Himself is firmly of the opinion that, if I am going to insist on spending 5+ hours a week in taekwondo class, I need to take yoga as well to improve my strength and flexibility so I have less chance of getting hurt while doing TKD.
And he does have a point (says the woman with the dicey knee and shoulder.) Since we do a fair amount of stretching in TKD class itself, in the last year and a half I have progressed from being approximately as flexible as a brick (really) to a slightly more bendy state, but I have a long way to go yet. So I've been trying to get to a beginners' yoga class once a week.
Yesterday, the instructor actually had us do the "om..." chant at the beginning of class, which was new for me. The idea is that you clear your mind of everything other than your breathing while doing so, to get yourself into the correct frame of mind to start the class.
I saw the following image on Facebook yesterday, and laughed out loud because it is the absolute truth.

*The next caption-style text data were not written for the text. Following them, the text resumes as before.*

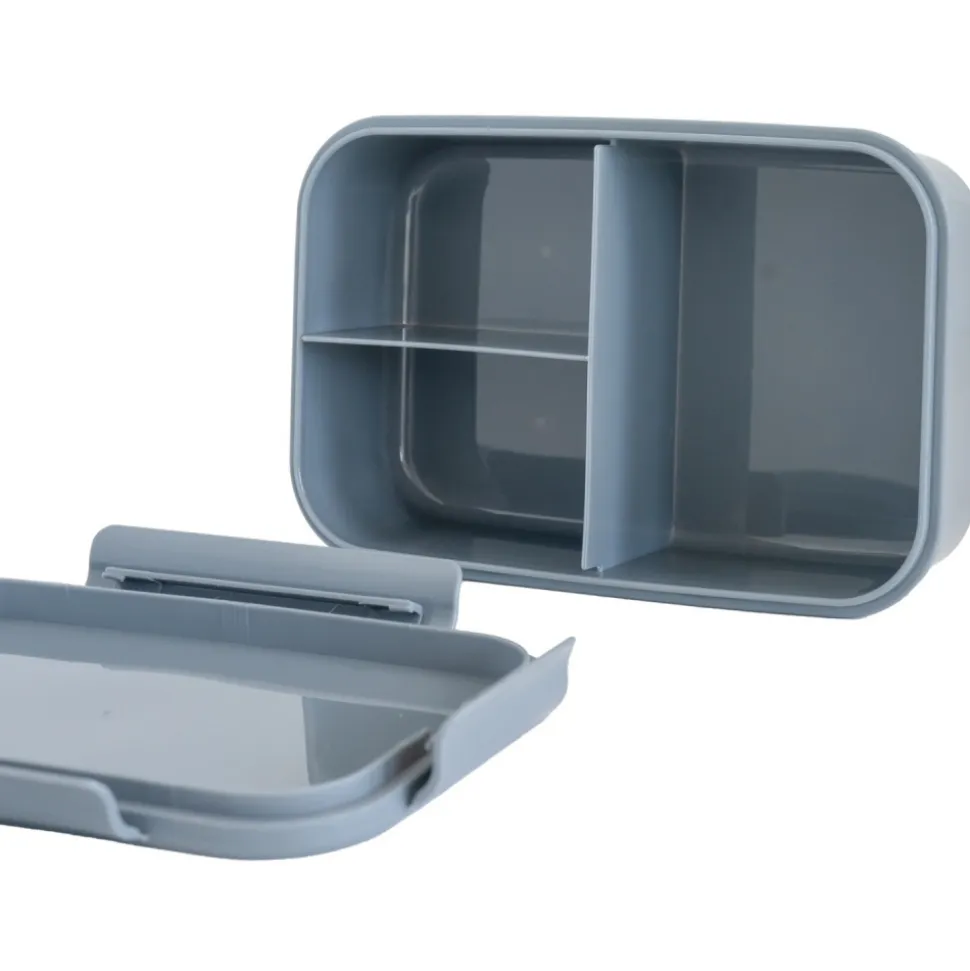 Lunch box en plastique recyclé bleu myrtilles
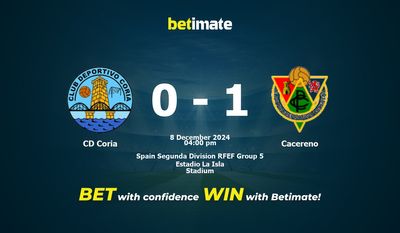 CD Coria vs Cacereno Prediction, Odds & Betting Tips 12/08/2024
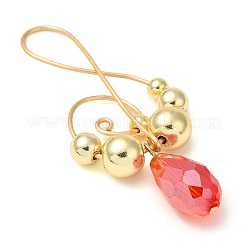 Большие подвески из гальванического синтетического немагнитного гематита и стекла в форме капли&nbsp;PALLOY-JF02961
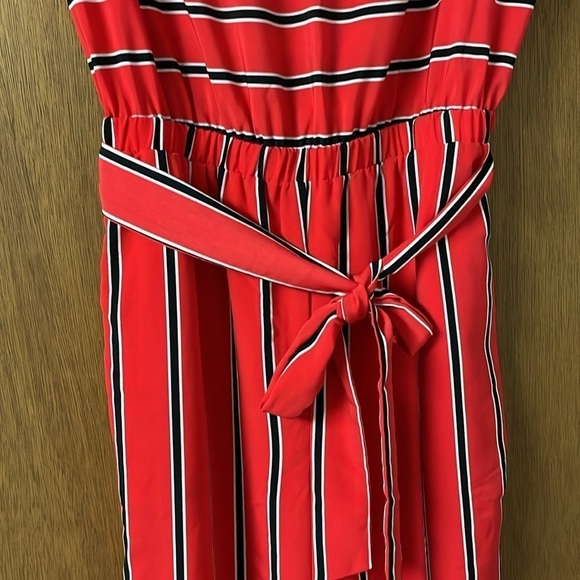 size small red stripe Express jumpersuit - Picture 3 of 6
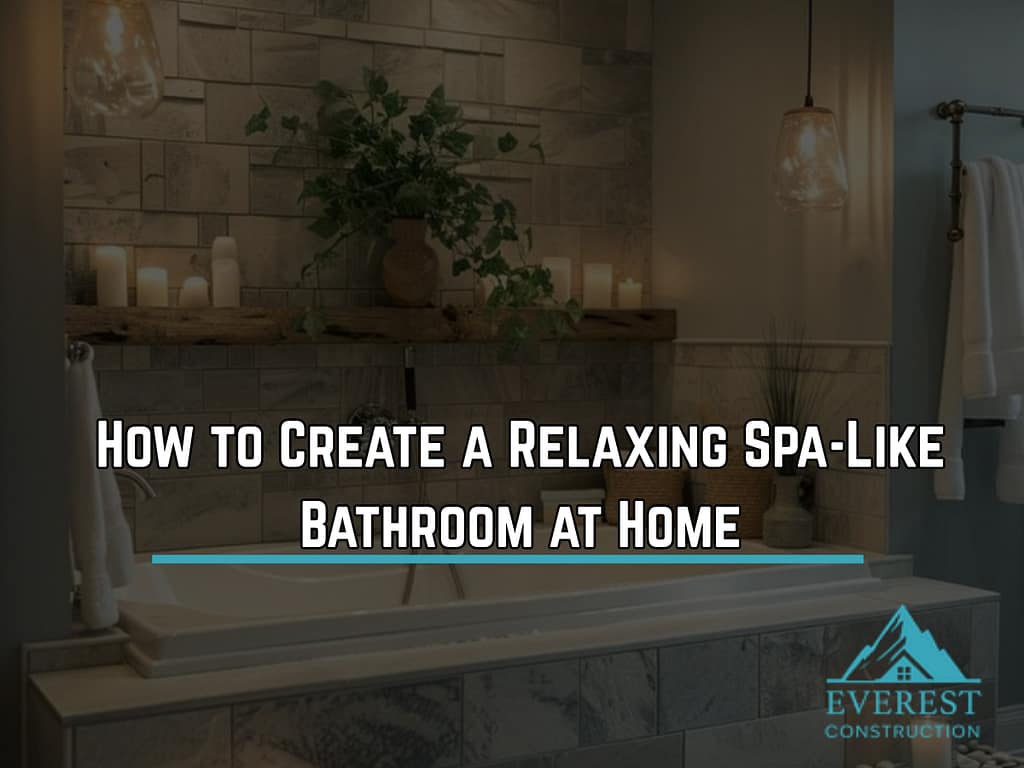 Spa like bathroom design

I find it very difficult to ever completely shut my brain off (probably another good reason to practice yoga.) So, while the instructor was omm-ing, I went off on a mental tangent about the om sound itself instead of blanking out my extraneous thoughts like I was supposed to.
Some of the people in the class seemed to be a little off the instructor's hum in pitch, which made the sound of the group meditating as a whole almost unpleasant for me. Pathetic, but true. I played in bands of one sort or another for about fifteen consecutive years growing up, so noticing whether a group is in tune or not is well and truly automatic at this point, for good or bad.
The odd thing, and the next thing that registered in my pea brain, was the fact that the instructor was omm-ing a concert B-flat note! While I don't have perfect pitch like Thing One, my relative pitch is pretty decent, and that particular note would be seared into my brain regardless because it is the one to which a band collectively tunes itself before a performance. One instrument (usually a clarinet) or a mechanical tuner will play that note, and everyone else will play whatever note on their particular instrument makes the same sound and then make any necessary adjustments so that their note no longer sounds flat or sharp (low or high) relative to the reference note. If everyone is in tune, the whole group sounds a lot better.
Now, I have no idea whether yoga instructors all consciously choose that particular pitch to om or whether this was a total coincidence, but it struck me as funny that she was effectively tuning the group before our yoga performance.
And I really need to work on my mental focus, too!